Note: Next to me stands my endlessly entertaining friend and no less than perfect travel companion – Mariana, who was largely responsible for our spontaneous visit to Bilbao and heroically endured my constant lingering to take pictures of my feet not just throughout this trip, but during all of our many travels together – in Sarajevo, Serbia, Bratislava, Budapest, Balchik and most recently, Barcelona.

Übercool underground | Bilbao, Basque Country, Spain

The subway system in Bilbao turned out to provide not just a super efficient and convenient way to get around the city, but it was also filled with visual feasts that suckers for good design and strange languages like me simply couldn’t pass up.

To my delight, warning signs in the wildly incomprehensible Basque, or Euskara, language abounded, whose meanings I could only guess imaginatively. Case in point: I assumed that the phrase above warned metro passengers to “mind the gap” or something to that extent, as they waited to board the train from the platform. But I can only guess. Even google translate fails miserably, providing the following unintelligible translation: ‘off the train into the’.

The metro signage, including the Rotis font typeface, the colors and the logo in the photos above and below, was designed by German graphic designer Otl Aicher – the man behind the visual identity of the 1972 Olympics in Munich, who is also credited with paving the way for the ubiquitous stick figures currently used in public signs, which he initially employed as symbols for the various Olympic sports.

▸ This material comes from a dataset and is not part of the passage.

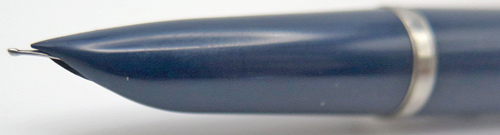 6362: PARKER 41 FOUNTAIN PEN IN DARK BLUE. BRUSHED STAINLESS CAP WITH CHROME TRIM & BLACK JEWEL. FINE OCTANIUM NIB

Although impossible to capture within the format of this blog, several other features of the subway system’s design also impressed me and are worth mentioning. Most obvious, perhaps, were the glass tunnels that cover the escalators or stairs leading in and out of the stations, which were designed by Norman Foster as part of the entire underground system’s structure, and which are endearingly referred to as ‘fosteritos‘ by Bilbao’s residents.

The concrete vaults that house the stations themselves, also designed by Foster, were quite impressive as well. About them, the architect was quoted as saying:

“A tunnel dug by man through earth and rock is a very special place. Its shape is a reaction to the forces of nature and the texture of its construction bears the seal of man. This must be respected, not covered up to make the place look like any other building. One must be able to feel being underground, and make it a good, special experience.”

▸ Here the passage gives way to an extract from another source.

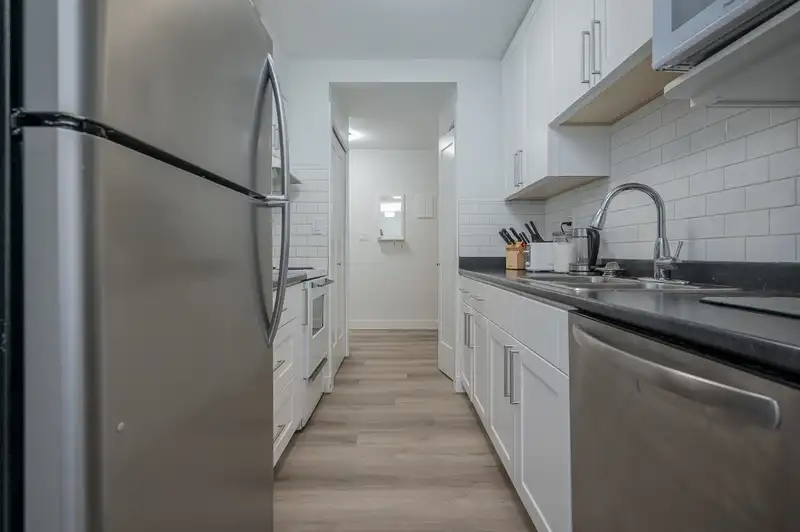 502 9595 ERICKSON DRIVE - photo 2 of 25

And it is one indeed. Even without awareness of the impressive design that is behind Bilbao’s underground systems (various features – from the Sariko station to the seating systems, have received design awards), using the Bilbao metro was nothing short of a special experience in pleasure and efficiency – something that very few subway systems in the world could compete with. To their defense, however, it’s worth remembering that the Bilbao Metro is relatively new (its first line opened in 1995) and small in scale – currently consisting of only two lines and 45 stations.

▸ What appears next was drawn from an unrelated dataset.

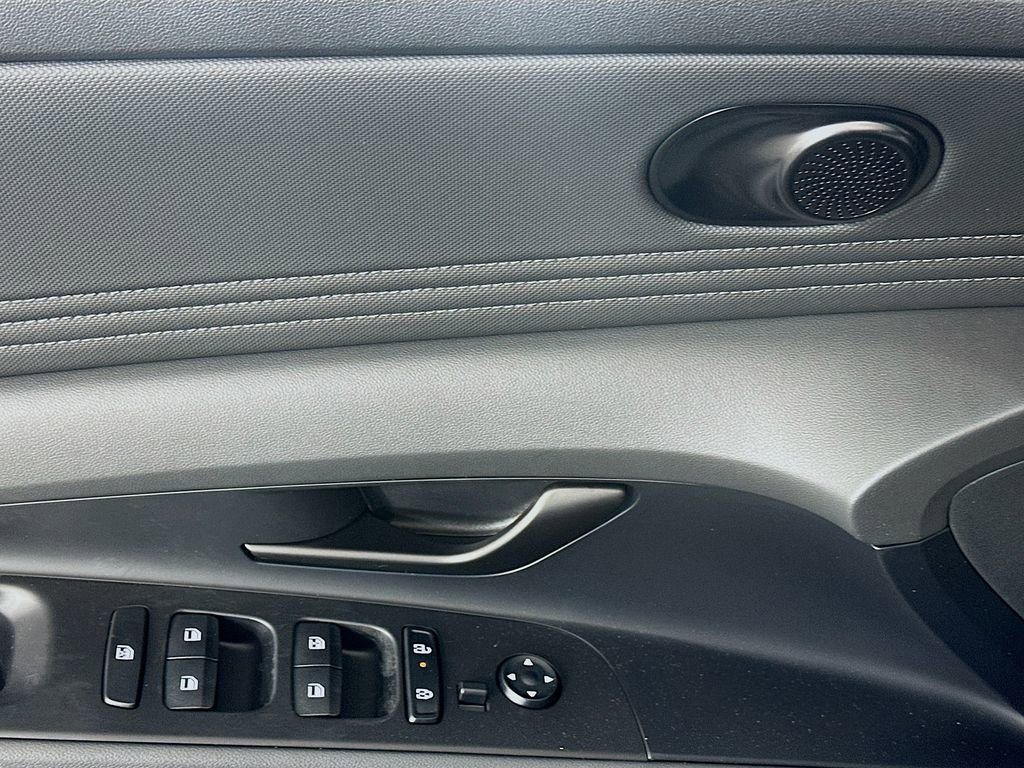 New 2026 Hyundai Elantra Sport image 18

Northbound | Barcelona, Spain

In just four days, I passed through Barcelona’s Estacio Nord bus station no less than three times. The usually boring lingering and waiting around that automatically comes with being at such places of transit, where you are either waiting to get somewhere or are just passing through upon arrival was unexpectedly pleasant, as the station’s grounds are filled with ornamentation – from the mosaic with the giant sun, surrounded by tiny moon phases, in the central lobby, the sole brass letter N (no S, E or W) – both indicating the direction of North and the name of the station, to the hilariously (and perplexedly) labelled trash can in the loo (featured in this week’s Wordless Wednesday post).

For me, the Nord station also had the additional charm of being located within easy walking distance (or a cheap cab ride, as the case may be) from the flat of my dear, endlessly hospitable and gracious friends Slavka and Mina, which has lately become my home away from my home away from home.